Wanita tadi mengangkat tangannya hendak menampar Gabriella. Namun, lengannya dihentikan oleh seseorang. Wanita tadi menoleh dan tatapannya berubah kaget ketika tahu siapa yang menghentikannya.

"Mami Mona," ucap wanita tadi.

Wanita yang dipanggil 'Mami Mona' itu hanya menatap datar wanita tadi, dan menghempaskan tangannya begitu saja.

"Lebih baik kamu keluar sekarang Angel, biar aku yang mengurus anak ini," ujar Mami Mona.

Wanita yang bernama Angel itu mengangguk lalu meninggalkan ruangan. Namun, sebelum itu ia menatap tajam ke arah Gabriella lalu berjalan keluar.

Gabriella hanya menunduk, ia takut. Perasaannya kalut, saat ini ia hanya ingin pulang. Pergi dari tempat asing ini.

Gabriella lalu mendongak, "Aku mohon lepaskan aku, aku mohon biarkan aku keluar dari sini," lirihnya.

Gabriella mencoba memohon kepada Mona untuk dibiarkan keluar dari ruangan itu. Namun, Mona hanya menatapnya datar tanpa berniat menjawab.

Air mata Gabriella sudah membasahi pipi mulusnya, ia menatap Mona dengan tatapan memohon.

"Aku mohon lepaskan aku, Nyonya," pinta Gabriella.

Mona hanya menatap sekilas, ia malah mengambil gaun malam yang ada di genggaman Gabriella.

"Kita tidak punya waktu banyak, cepat pakai sebelum si tua bangka itu kesini," kata Mona datar.

Gabriella langsung menggeleng keras, tangisnya semakin pecah, "Kumohon, jangan suruh aku untuk memakainya,"

Mona memutar bola matanya malas, ia memegang kedua bahu Gabriella agar ia tenang. Lalu Gabriella pun menghentikan pergerakannya.

"Hei Nak, jika kau sudah masuk kesini. Kau tidak akan bisa keluar, kau sudah dijual. Jadi kau harus patuhi semua aturan disini. Jika tidak, maka kau akan.... "

Mona mendekatkan bibirnya ke telinga Gabriella.

"Mati," bisiknya.

Gabriella terdiam, terpaku. Mengapa hidupnya begitu menyedihkan sekarang? Berakhir di tempat laknat seperti ini.

Mona menjauhkan dirinya dari Gabriella, "Sekarang cepat pakai bajunya, setelah itu aku akan mendandanimu,"

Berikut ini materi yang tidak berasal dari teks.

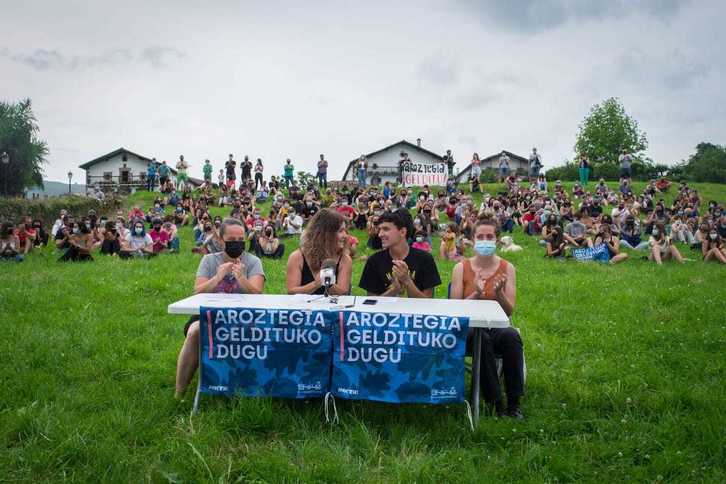 Aroztak herri ekimenak Lekarozen egin duen agerraldia. (@Aroztak)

Ketika Mona hendak berbalik, lengannya ditahan oleh Gabriella.

"Apa lagi?" tanya Mona.

Gabriella mendongak, dengan wajah yang sudah tidak karuan. Mata yang sembab dan hidung memerah.

"Apa tidak ada lagi jalan untuk keluar dari tempat ini? Hanya kau yang bisa membantuku, kumohon beritahu aku," ujar Gabriella memohon.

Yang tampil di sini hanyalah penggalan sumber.